▸ **Data**
%%

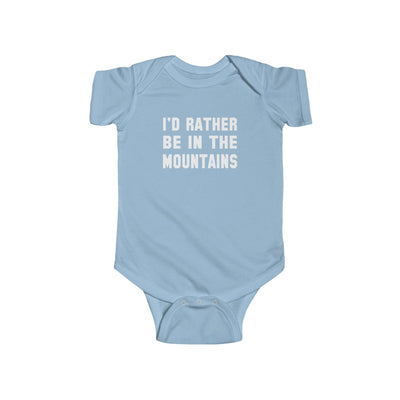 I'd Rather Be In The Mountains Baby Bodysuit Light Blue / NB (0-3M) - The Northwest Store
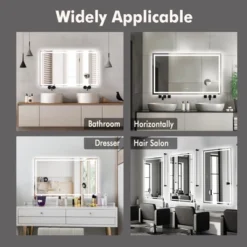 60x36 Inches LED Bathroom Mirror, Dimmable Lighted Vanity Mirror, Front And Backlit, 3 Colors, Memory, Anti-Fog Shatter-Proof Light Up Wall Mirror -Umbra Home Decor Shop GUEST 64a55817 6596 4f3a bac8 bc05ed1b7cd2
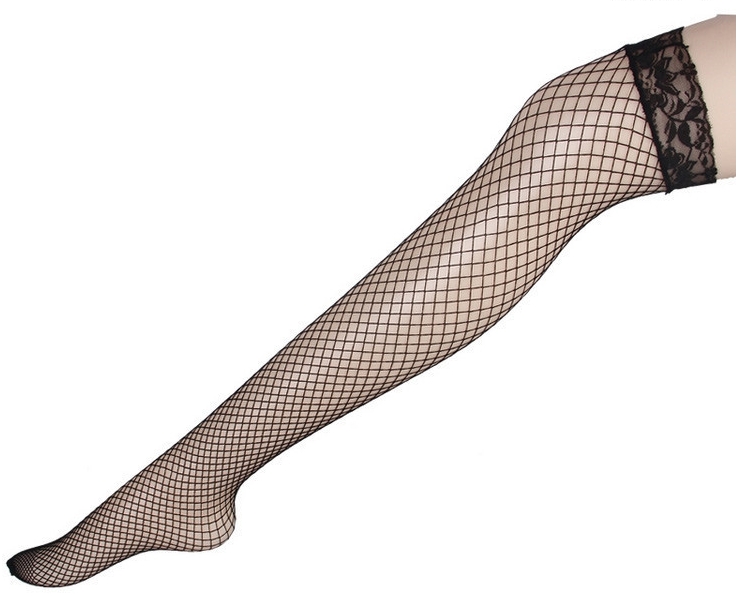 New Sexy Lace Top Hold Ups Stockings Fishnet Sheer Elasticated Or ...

%%
%%

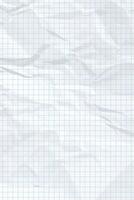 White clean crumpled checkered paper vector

%%
%%

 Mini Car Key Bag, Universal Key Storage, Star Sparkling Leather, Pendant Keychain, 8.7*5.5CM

%%

Exercise for the records above: copy only the lines from the one with "I'd Rather Be" to the one with "New Sexy Lace", both ends kept, and drop the pictures.

▸ **Output for this exercise**
 I'd Rather Be In The Mountains Baby Bodysuit Light Blue / NB (0-3M) - The Northwest Store
 60x36 Inches LED Bathroom Mirror, Dimmable Lighted Vanity Mirror, Front And Backlit, 3 Colors, Memory, Anti-Fog Shatter-Proof Light Up Wall Mirror -Umbra Home Decor Shop GUEST 64a55817 6596 4f3a bac8 bc05ed1b7cd2
 New Sexy Lace Top Hold Ups Stockings Fishnet Sheer Elasticated Or ...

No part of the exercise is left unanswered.